1944 painting by Salvador Dalí

Dream Caused by the Flight of a Bee Around a Pomegranate a Second Before Awakening is a surrealist painting by Salvador Dalí, from 1944. A shorter alternate title for the painting is Dream Caused by the Flight of a Bee. The woman in the painting, dreaming, is believed to represent his wife, Gala, a regular presence in his work. The painting is held in the Thyssen-Bornemisza Museum, in Madrid.

==Description==
It is an oil painting on wood. In this "hand-painted dream photograph", as Dalí generally called his paintings, there is a seascape of distant horizons and calm waters, perhaps Portlligat, amidst which Gala is the subject of the scene. Next to the naked body of the sleeping woman, which levitates above a flat rock that floats above the sea, Dalí depicts two suspended droplets of water and a pomegranate, a Christian symbol of fertility and resurrection. Above the pomegranate flies a bee, an insect that traditionally symbolizes the Virgin.

In the upper left of the painting what seems to be a yelloweye rockfish bursts out of the pomegranate, and in turn spews out a pouncing tiger that then spews out another pouncing tiger about to attack Gala and a rifle with a bayonet that is about to sting her in the arm. Above them is Dalí's first use of an elephant with long flamingo legs, found in his later compositions such as The Temptation of St. Anthony. The elephant carries on its back an obelisk, inspired by Bernini's Elephant and Obelisk in Rome's Piazza Santa Maria sopra Minerva.

==Themes and symbolism==

The bayonet, as a symbol of the stinging bee, may represent the woman's abrupt awakening from her otherwise peaceful dream. This is an example of Sigmund Freud's influence on surrealist art and Dalí's attempts to explore the world of dreams in a dreamscape.
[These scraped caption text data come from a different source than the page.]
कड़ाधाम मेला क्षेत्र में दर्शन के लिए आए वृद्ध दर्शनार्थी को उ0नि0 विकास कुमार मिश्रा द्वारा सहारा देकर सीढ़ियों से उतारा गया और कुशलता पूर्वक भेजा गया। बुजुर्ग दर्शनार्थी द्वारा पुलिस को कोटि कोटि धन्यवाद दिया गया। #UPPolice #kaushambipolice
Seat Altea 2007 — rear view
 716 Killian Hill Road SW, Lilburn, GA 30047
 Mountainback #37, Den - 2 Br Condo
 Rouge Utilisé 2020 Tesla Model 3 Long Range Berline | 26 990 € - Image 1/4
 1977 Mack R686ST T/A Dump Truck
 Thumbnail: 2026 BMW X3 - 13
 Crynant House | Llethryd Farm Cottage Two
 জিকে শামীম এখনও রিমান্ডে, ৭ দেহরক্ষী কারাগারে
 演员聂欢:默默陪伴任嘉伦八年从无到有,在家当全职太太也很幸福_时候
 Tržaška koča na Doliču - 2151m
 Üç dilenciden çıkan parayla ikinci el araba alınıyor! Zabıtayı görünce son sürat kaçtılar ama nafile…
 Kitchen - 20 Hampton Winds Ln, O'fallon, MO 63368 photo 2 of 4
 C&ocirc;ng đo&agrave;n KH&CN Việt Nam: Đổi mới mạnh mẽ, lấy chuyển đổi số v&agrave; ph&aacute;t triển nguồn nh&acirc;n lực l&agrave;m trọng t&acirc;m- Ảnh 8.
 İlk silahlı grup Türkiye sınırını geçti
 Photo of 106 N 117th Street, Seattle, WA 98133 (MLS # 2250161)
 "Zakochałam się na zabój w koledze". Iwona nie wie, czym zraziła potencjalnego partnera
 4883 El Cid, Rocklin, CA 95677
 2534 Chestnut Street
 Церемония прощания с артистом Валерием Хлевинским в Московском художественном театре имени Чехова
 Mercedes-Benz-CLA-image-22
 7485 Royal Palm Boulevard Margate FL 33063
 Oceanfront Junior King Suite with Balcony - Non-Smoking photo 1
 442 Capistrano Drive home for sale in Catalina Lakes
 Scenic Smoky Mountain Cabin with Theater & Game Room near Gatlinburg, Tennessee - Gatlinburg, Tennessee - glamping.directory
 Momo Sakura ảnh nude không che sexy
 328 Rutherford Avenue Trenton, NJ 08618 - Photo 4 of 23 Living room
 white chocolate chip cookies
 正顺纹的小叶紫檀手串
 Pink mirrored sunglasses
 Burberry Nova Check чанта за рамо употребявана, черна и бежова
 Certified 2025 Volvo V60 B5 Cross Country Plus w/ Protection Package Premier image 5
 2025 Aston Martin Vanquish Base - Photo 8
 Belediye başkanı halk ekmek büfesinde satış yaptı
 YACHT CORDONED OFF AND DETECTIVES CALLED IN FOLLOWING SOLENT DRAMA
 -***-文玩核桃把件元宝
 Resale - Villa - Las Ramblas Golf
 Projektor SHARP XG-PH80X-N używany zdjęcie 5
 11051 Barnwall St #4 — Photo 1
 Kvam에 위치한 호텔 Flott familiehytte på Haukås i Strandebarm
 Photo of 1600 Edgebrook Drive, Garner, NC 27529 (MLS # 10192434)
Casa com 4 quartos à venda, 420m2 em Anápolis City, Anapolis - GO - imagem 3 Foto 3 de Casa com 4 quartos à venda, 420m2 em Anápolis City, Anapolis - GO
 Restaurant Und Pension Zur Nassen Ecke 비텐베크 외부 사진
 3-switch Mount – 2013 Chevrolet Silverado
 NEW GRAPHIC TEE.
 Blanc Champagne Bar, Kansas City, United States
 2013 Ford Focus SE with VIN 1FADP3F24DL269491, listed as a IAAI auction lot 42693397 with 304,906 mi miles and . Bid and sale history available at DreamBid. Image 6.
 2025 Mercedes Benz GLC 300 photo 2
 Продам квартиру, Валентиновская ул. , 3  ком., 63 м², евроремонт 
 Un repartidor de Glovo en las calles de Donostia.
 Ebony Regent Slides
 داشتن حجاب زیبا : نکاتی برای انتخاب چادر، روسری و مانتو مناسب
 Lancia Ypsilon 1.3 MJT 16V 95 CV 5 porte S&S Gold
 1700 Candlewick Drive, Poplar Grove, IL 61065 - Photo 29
The elephant is a distorted version of the Piazza della Minerva sculpture Elephant and Obelisk by Gian Lorenzo Bernini facing the church of Santa Maria sopra Minerva in Rome. The smaller pomegranate floating between two droplets of water may symbolize Venus, especially because of the heart-shaped shadow it casts. It may also be used as a Christian symbol of fertility and resurrection. This female symbolism may contrast with the phallic symbolism of the threatening creatures.

It has also been suggested that the painting is "a surrealist interpretation of the Theory of Evolution."

In 1962, Dalí said this painting was intended "to express for the first time in images Freud's discovery of the typical dream with a lengthy narrative, the consequence of the instantaneousness of a chance event which causes the sleeper to wake up. Thus, as a bar might fall on the neck of a sleeping person, causing them to wake up and for a long dream to end with the guillotine blade falling on them, the noise of the bee here provokes the sensation of the sting which will awaken Gala." The guillotine anecdote refers to a dream reported by Alfred Maury in Le sommeil et les rêves ("Sleep and Dreams") and related by Freud in his 1899 book The Interpretation of Dreams.